Of this tendency the cash-for-peerages scandal has been a singular demonstration of the proposition that for the first time since the Reform Act of 1832 a Government party has been actively engaged in a systematic round of the giving of favours of one sort and another in order to secure the funds to pay for its operations and for elections. Who can doubt that the fund-raising operation of Labour in the run up to the 2005 election and its aftermath was one designed to put people into the House of Lords in exchange for money for the party and that every effort was made to conceal the facts from parliament and People?
In addition the Labour Party has been second to none in its abuse of the electoral system for party advantage. Thus it turned the 2001 and 2005 elections into something akin to that which might be found in a Banana Republic, with arrangements for absentee ballots in particular being abused, culminating in a court case in Birmingham which set out in stark terms the extent to which Labour supporters brought the skulduggery more redolent of the Indian sub-continent to our democratic process.
That they have no shame concerning these things is amply shown by the report of an independent Canadian gentleman, Ron Gould, an elections expert from Canada.
He has had a long hard look at the shambles that passed for a democratic election in May 2005 in Scotland. Of this process he says:
“What is characteristic was a notable level of party self-interest evident in ministerial decision-making (especially in regard to the timing and method of counts and the design of ballot papers).

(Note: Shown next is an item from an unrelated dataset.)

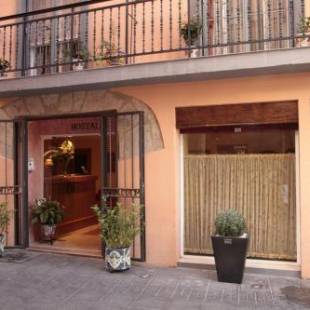 Фотографии гостевого дома 
            Hostal Antigua Morellana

“In considering the circumstances surrounding the planning, organising and implementation of the elections, the voter was treated as an afterthought by virtually all the other stakeholders.
“Voters were overlooked as the most important stakeholders to be considered at every stage of the election.”
Though he does not say this was a Labour-only problem, making the point that in an election there is an obvious and natural tendency for a political party which wants to win as many seats as possible to try and bend the democratic process in its favour, his report effectively points the finger at Labour in general and Douglas Alexander in particular.
Alexander, brother of new Scots Labour Leader Wendy Alexander, presided over this fiasco. It is at his door that the principal complaint of acting for party advantage at the expense of the interests of democracy and the individual electors is laid. In a government which had any sense of propriety or shame, his resignation would have been on Gordon Brown’s desk yesterday. It is not, nor is it likely to be for he is both a Brown lickspittle-crony and in charge of Labour’s election campaign. For him to lose his head would involve casting out one of Brown’s own props and admitting that its own campaign chief had been guilty of Banana Republic tactics. Whatever we may think, Labour will never admit to crimes of that kind: rather the culprit will soon be promoted as a reward for sticking like glue to office.
Other manifestations of Labour’s corruption may be found in its voting an extra £10,000 to every MP in a clear move to help out its own MPs in marginal seats who are becoming increasingly aware of the skilful channelling of money to their Conservative opponents by the Tories whilst at the same time trying to abolish that very same funding, notwithstanding their concurrent shameless refusal to stop similar Union sponsoring of individual MPs.
Be under no illusion: Labour is corrupt in a way that no other party has been in modern times. Their aim is clear: power today, power tomorrow, power for ever. And on the way we will grind our opponents into the dust. The threat to democracy is clear.